The federation filed the motion Thursday in U.S. District Court in Los Angeles. A hearing was scheduled for April 29.
The 28 members of the current women’s player pool filed their lawsuit earlier this month. It accuses the U.S. Soccer Federation of “institutionalized gender discrimination” that includes unequal pay with their counterparts on the men’s national team.
Solo filed a similar lawsuit in August in the Northern District of California.
Solo no longer plays for the national team. Her contract was terminated when she was suspended from the team following the 2016 Rio Olympics. However, she continues to champion gender equity issues.
She told The Associated Press earlier this month that she had hoped her former teammates would join in her lawsuit.
“It was clear that U.S. Soccer was never going to acquiesce or negotiate to provide us equal pay or agree to treat us fairly,” she said. “The filing by the entire United Sates women’s national team demonstrated that they no longer fear the federation by forcefully and publicly acknowledging U.S. Soccer’s violations of the Equal Pay Act and Title VII.”
The lawsuit brought by current national team players is an escalation of a long-simmering dispute over pay and treatment. Five players, including Solo, filed a complaint in 2016 with the U.S. Equal Employment Opportunity Commission that alleged wage discrimination by the federation. The lawsuit effectively ended that EEOC complaint.
U.S. Soccer maintains that the men’s and women’s teams have separate collective bargaining agreements and their pay is structured differently. That means there is no simple dollar-to-dollar salary comparison. Terms of the CBAs have not been made public.
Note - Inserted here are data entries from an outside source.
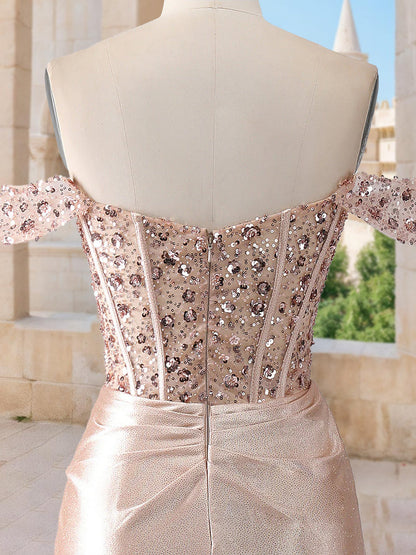 Trumpet/Mermaid Off-the-Shoulder Sleeveless Beading Formal Dresses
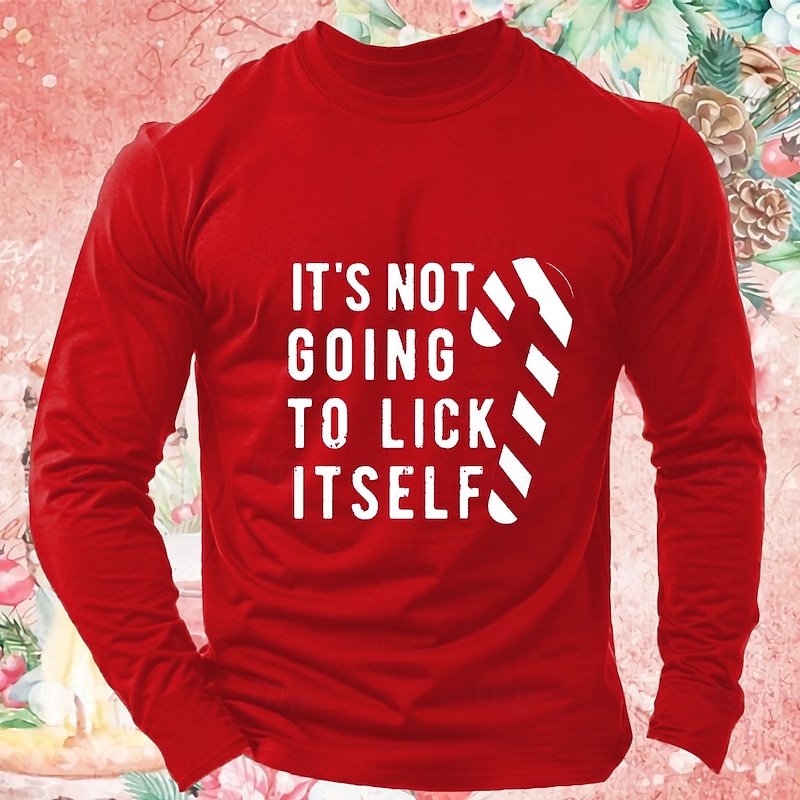 Christmas Men's Letter Printed funny christmas T Shirt 100% Cotton Long Sleeve Graphic Shirt Black Red Green Comfortable Tee Fashion Designer Clothing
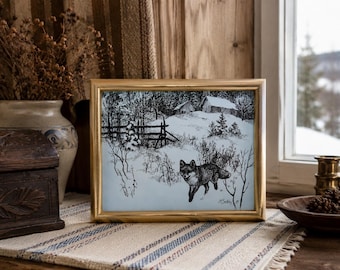 Vintage Jan Petter Bratsberg Porcelain Art Print 1989 | Framed Norwegian Red Fox Wildlife Plaque | Signed Limited Edition 295/1000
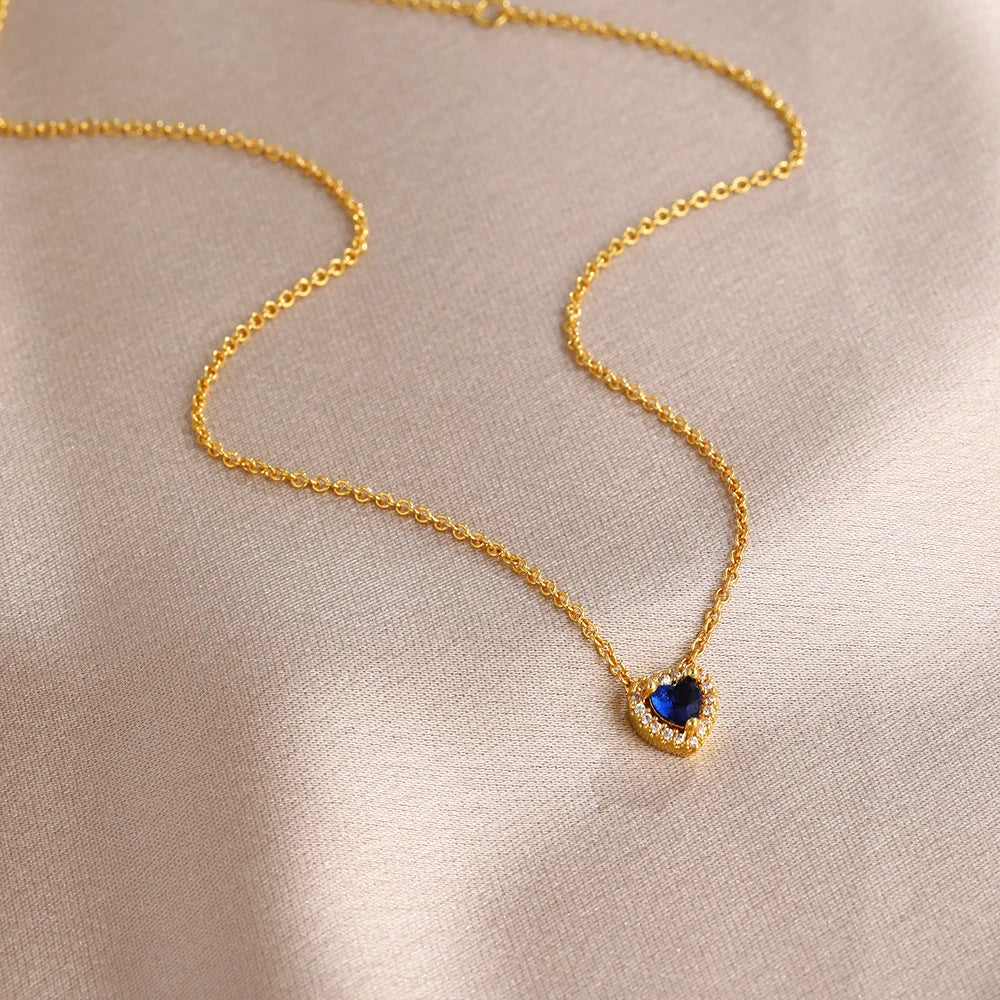 Collier Saint-Valentin Argent 925 Carré Rose Rouge - Bijou Romantique Femme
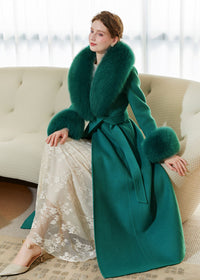 Women's Green Fox Fur Collar Wool Cashmere Belted Long Coat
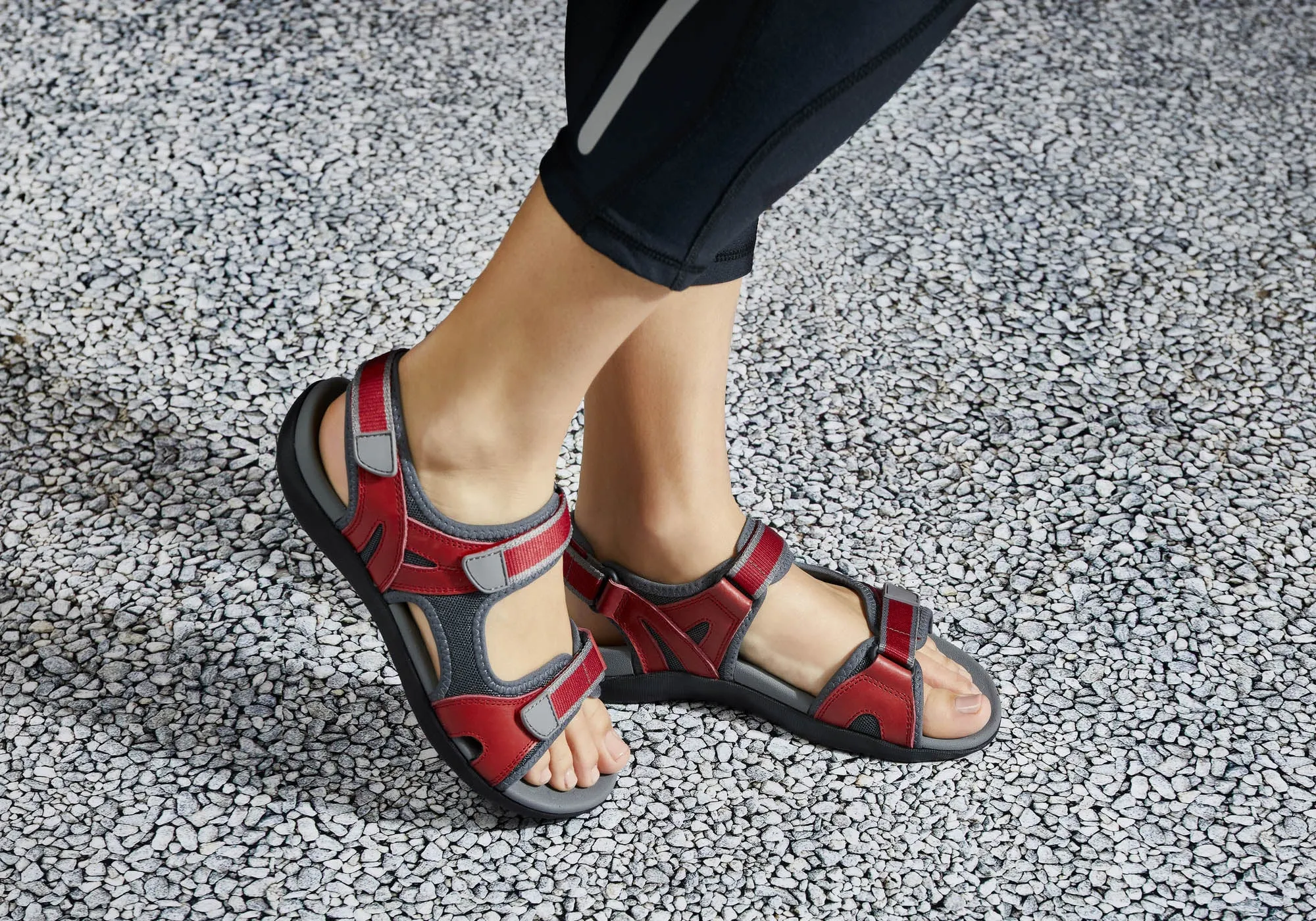 Scholl Orthaheel Bribie Womens Leather Adjustable Supportive Sandals Scholl Orthaheel Shoes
Compensation for the women includes a guaranteed salary and salaries paid by the USSF for their time with clubs in the National Women’s Soccer League. The men get paid based on appearances, roster selection for friendlies and tournaments, and collective performance. The USSF has cited the contracts, as well as the revenue generated by the teams, as the reason for the differences in pay.